> _MATERIAL SUPPLIED_
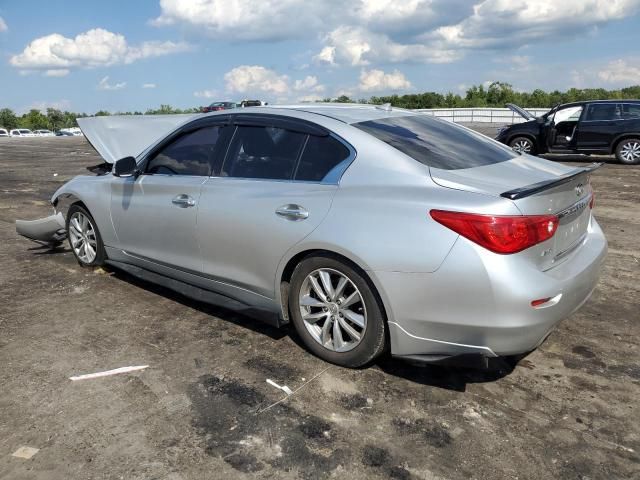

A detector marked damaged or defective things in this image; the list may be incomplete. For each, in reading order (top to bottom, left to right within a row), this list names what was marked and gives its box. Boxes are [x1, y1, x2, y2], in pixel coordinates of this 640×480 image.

crumpled hood [77, 114, 199, 163]
bent front bumper [15, 213, 66, 244]
front end damage [15, 211, 66, 246]
damaged silver car [15, 105, 604, 368]
bent front bumper [372, 216, 608, 358]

> _WHAT IS NEEDED_
Pictures in the records above should not be copied. Repeat everything else exactly.

> _EXERCISE ANSWER_
A detector marked damaged or defective things in this image; the list may be incomplete. For each, in reading order (top to bottom, left to right within a row), this list names what was marked and gives its box. Boxes are [x1, y1, x2, y2], in pixel coordinates of this 640×480 image.

crumpled hood [77, 114, 199, 163]
bent front bumper [15, 213, 66, 244]
front end damage [15, 211, 66, 246]
damaged silver car [15, 105, 604, 368]
bent front bumper [372, 216, 608, 358]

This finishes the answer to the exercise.